Ramsbottom Rake on the last stage. That’s a stiff climb, but I think finding a spectating spot may be equally challenging.


----------



## rich p (29 May 2019)

It doesn't go past my living room window so I won't watch it ..


----------



## mjr (29 May 2019)

Look at it! Far too much freewheeling downhill! They've not included the challenge of pedalling six hours continuously around the fens. Rubbish! 


View: https://mobile.twitter.com/BritishCycling/status/1133681496206790657


----------



## Flying_Monkey (29 May 2019)

The Berwick to Newcastle stage will be beautiful, and the finish is going to be an evil uphill sprint - a real shame we aren't living in the area any more.


----------



## Rooster1 (29 May 2019)

Womens tour near me next week but I can't go and watch sadly


----------



## ColinJ (29 May 2019)

roadrash said:


> For anyone interested, here is the route, no doubt giving rise to the usual moans of , "well it doesn't cover much of Britain does it"
> good news for me as the final stage passes through wigan and finishes on deansgate ,Manchester .
> 
> anyone planning on going watching
> .https://www.tourofbritain.co.uk/


Judging from my experience of watching a race finish there years ago, *don't go by bike*! 



ColinJ said:


> I went to watch a circuit race in Manchester City Centre once. I walked down the length of Deansgate and there was a nice bike locked to nearly every lampost, traffic sign, and bus stop. I walked the circuit and by the time I got back somebody had trashed every bike wheel. There was a crowd of thousands, but that didn't stop the idiots doing it!


----------



## johnblack (29 May 2019)

Three circuits of Burton Dassett Country Park will be good for me, great short steep climb and only an hour on the bike from me, plus it's a Friday, so long weekend.


----------



## roadrash (29 May 2019)

im not planning on going to the final stage in Manchester , it will be manic, I will watch them go through wigan, and I will go to see the finish of stage 4 at kendal, as I have done previously, cracking uphill finish at beast bank which is 11%.
if anyone from anywhere near me (within 20 mile of wigan) wants to go to the finish at kendal, I will have room in the car.


----------



## furball (29 May 2019)

A finish in my home town. Hurrah, might get some pot holes filled in.


----------



## fossyant (29 May 2019)

Its near home for a change. Less than a mile. Werneth Low is a nasty climb. Will MTB it up there then pop home and catch the train into Manchester for beers.


----------



## nickyboy (29 May 2019)

fossyant said:


> Its near home for a change. Less than a mile. Werneth Low is a nasty climb. Will MTB it up there then pop home and catch the train into Manchester for beers.
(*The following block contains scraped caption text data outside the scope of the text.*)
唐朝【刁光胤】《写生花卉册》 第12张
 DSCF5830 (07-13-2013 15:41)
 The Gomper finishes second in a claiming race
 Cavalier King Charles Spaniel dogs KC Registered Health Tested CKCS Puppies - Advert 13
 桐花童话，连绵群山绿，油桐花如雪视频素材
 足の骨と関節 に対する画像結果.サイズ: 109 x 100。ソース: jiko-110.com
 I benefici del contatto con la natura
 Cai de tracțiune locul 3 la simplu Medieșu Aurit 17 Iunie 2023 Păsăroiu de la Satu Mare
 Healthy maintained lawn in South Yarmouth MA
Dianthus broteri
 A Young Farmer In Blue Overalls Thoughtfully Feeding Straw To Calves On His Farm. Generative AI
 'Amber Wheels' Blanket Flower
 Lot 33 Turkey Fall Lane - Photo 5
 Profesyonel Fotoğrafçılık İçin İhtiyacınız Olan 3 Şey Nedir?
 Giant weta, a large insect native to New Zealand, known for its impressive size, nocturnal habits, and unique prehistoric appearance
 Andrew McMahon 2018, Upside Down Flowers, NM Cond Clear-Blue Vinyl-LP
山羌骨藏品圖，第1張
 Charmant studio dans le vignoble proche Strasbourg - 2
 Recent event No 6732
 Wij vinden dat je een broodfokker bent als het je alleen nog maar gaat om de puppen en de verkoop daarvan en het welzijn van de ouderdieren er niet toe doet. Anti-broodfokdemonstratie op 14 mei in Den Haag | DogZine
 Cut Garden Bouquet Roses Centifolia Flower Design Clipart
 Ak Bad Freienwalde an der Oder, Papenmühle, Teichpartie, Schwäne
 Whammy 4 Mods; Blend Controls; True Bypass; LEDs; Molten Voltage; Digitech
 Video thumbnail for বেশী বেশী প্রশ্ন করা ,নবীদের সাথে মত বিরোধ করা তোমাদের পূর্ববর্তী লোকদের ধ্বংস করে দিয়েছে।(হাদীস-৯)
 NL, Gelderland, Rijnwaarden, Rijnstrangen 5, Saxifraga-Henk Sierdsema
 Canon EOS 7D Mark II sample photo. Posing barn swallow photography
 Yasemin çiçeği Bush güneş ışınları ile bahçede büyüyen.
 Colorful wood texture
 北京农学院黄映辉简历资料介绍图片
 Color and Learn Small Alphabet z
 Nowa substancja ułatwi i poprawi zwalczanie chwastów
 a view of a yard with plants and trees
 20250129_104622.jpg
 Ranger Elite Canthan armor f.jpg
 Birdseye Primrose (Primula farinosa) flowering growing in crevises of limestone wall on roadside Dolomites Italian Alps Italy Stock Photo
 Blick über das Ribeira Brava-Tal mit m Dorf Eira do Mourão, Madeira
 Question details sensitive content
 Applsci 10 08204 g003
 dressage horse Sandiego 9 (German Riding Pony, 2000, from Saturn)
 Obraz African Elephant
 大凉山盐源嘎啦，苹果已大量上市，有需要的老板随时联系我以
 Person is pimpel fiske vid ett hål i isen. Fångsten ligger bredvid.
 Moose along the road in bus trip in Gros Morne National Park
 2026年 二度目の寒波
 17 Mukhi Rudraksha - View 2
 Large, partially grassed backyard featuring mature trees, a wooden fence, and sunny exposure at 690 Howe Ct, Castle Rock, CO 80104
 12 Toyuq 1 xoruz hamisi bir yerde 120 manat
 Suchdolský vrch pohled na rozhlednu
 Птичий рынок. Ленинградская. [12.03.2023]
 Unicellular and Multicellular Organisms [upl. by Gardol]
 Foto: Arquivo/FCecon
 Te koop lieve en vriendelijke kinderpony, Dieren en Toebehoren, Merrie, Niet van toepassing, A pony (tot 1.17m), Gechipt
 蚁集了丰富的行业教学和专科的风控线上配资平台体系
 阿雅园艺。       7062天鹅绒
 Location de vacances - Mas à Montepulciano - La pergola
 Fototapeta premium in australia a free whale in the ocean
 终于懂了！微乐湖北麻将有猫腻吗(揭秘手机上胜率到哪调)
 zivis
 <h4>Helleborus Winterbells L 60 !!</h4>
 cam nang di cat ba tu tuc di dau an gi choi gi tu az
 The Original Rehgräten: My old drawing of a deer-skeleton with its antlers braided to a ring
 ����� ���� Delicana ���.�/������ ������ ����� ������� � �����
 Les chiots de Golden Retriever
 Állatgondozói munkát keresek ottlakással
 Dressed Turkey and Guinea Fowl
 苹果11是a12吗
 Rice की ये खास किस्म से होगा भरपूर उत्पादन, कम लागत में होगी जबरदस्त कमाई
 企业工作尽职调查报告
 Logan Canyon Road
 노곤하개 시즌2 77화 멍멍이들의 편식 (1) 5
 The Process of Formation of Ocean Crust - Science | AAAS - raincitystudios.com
Unfortunately I'm away. Is the Werneth Low climb Cowlishaw Lane? It'll be interesting to see how quick they go up if they're properly racing. They should send them up Apple Street/Cock Brow instead, that would sort the men from the boys :-)


----------



## Crackle (29 May 2019)

rich p said:


> It doesn't go past my living room window so I won't watch it ..


It virtually does go past mine, I'm slightly gobsmacked actually.


----------



## rich p (29 May 2019)

Crackle said:


> It virtually does go past mine, I'm slightly gobsmacked actually.


Better tidy up that front garden then, and get rid of the Cortina on bricks...


----------



## fossyant (29 May 2019)

nickyboy said:


> Unfortunately I'm away. Is the Werneth Low climb Cowlishaw Lane? It'll be interesting to see how quick they go up if they're properly racing. They should send them up Apple Street/Cock Brow instead, that would sort the men from the boys :-)



Yes it is. Apple st... eeek


----------



## Lee_M (29 May 2019)

rich p said:


> It doesn't go past my living room window so I won't watch it ..



It goes right past my living room window this year, I'm so happy. Didn't see it last year, but previous year I had to ride 10 miles and 3 years ago I had to ride 4 miles.

This time I don't even have to get out of bed!


----------



## mjr (29 May 2019)

Lee_M said:


> It goes right past my living room window this year, I'm so happy. Didn't see it last year, but previous year I had to ride 10 miles and 3 years ago I had to ride 4 miles.
> 
> This time I don't even have to get out of bed!


Why is your bed in the living room? U OK hon?


----------



## mjr (29 May 2019)

rich p said:


> Better tidy up that front garden then, and get rid of the Cortina on bricks...


Nah, just paint it yellow with "ToB" on the top!


----------



## Lee_M (29 May 2019)

mjr said:


> Why is your bed in the living room? U OK hon?



If they were going past my bedroom I'd be a bit worried how many drugs they were on. 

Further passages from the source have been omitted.